DATA FOR THIS TASK: Begin

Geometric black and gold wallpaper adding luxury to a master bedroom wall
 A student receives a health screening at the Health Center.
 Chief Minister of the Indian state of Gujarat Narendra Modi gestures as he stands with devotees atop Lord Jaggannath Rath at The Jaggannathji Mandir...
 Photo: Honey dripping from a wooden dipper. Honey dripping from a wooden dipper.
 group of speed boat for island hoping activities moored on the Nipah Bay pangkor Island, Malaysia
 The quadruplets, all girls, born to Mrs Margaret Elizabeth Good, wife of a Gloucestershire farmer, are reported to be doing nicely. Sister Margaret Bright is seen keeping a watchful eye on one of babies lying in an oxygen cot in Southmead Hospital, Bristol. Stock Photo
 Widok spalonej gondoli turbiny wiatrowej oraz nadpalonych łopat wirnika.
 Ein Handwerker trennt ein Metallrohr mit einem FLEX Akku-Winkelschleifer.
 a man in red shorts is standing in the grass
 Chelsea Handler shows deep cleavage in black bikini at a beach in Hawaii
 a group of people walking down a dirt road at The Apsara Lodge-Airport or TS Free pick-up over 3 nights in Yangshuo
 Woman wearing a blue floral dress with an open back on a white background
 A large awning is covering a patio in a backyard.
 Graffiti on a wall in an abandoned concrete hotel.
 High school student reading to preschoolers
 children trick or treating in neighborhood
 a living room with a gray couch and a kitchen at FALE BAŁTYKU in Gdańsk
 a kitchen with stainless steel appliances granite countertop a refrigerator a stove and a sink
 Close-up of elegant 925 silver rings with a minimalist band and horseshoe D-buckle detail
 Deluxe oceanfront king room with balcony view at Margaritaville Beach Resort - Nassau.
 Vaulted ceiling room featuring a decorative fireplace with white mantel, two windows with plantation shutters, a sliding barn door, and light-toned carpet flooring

DATA FOR THIS TASK: End

◆ EXERCISE INSTRUCTIONS: Print only these lines, exactly: the one containing "A large awning" and all after it to the end of the entries.

◆ ANSWER:
 A large awning is covering a patio in a backyard.
 Graffiti on a wall in an abandoned concrete hotel.
 High school student reading to preschoolers
 children trick or treating in neighborhood
 a living room with a gray couch and a kitchen at FALE BAŁTYKU in Gdańsk
 a kitchen with stainless steel appliances granite countertop a refrigerator a stove and a sink
 Close-up of elegant 925 silver rings with a minimalist band and horseshoe D-buckle detail
 Deluxe oceanfront king room with balcony view at Margaritaville Beach Resort - Nassau.
 Vaulted ceiling room featuring a decorative fireplace with white mantel, two windows with plantation shutters, a sliding barn door, and light-toned carpet flooring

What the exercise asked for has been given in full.